I do not yet have the exact figures, but there was a substantial increase on visitors over last year. Last year it was 8430 visitors – 12% of them from abroad. The United Kingdom led the way with nearly one quarter of all visitors. Belgium and Holland were not so far behind and although a very long way from home the USA put up a good appearance.
Also in 2004 there were 596 exhibitors from all the different wine producing regions of the Loire. I am delighted to say that 80% of these were growers. That is certainly another one of the reasons for the success of this show – there are still hundreds of stands of independent private growers, big and small, cheap and expensive, top quality and rather less so. It is a real work ground for discovery. Thousands of delicious wines are tucked away on these stands, some of them famous already, but many of them unknown and just waiting to be found and taken to the consumer. Small lots and tiny special cuvees, everything is there and there is no greater satisfaction for the visitor than discovering a little gem and making it one’s own to write about, to import, to put on one’s restaurant list or to use in a tasting.

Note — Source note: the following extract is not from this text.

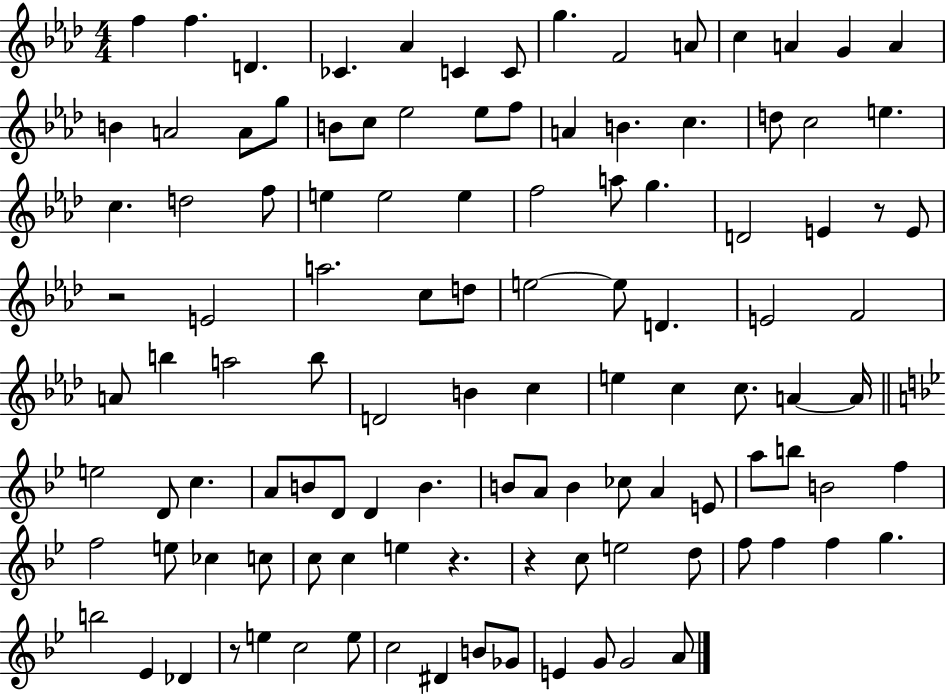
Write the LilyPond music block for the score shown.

For those who do not know the Loire so very well it is France’s third largest winegrowing area in terms of volume of A.O.Cs marketed. There are no less than 68 different appellations. It produces 66 million hectolitres. It covers 12 departments with over 73,000 Hectares of vines.

French CQPRD wines have dropped worldwide by an important 8.3%. However the total of the Wines from the Loire exported to the UK has only dropped by 1%. In 2004 the UK imported 438,100 Hectolitres, or no less than 9% of the total OF French VQPRD wines exported. White wines are the biggest market for the UK with 63% of all Lire wines imported. Muscadet and Sancerre top the list. Rose is back in vogue, after a very bad patch, and has regained a 20% market share. Sparkling wines are also firmly on the increase. I am happy and proud to say that the UK remains the most important market in the world for Loire Wines with a 38.1% market share, well ahead of both Germany and Belgium.
Once again I congratulate the Salon de La Lore on another excellent show, both commercially and hedonistically. I shall continue to attend and to enjoy their gracious hospitality. I shall be writing a more detailed report on the 2004 vintage under the different appellations together with an assessment of its quality, its quantity and its marketability.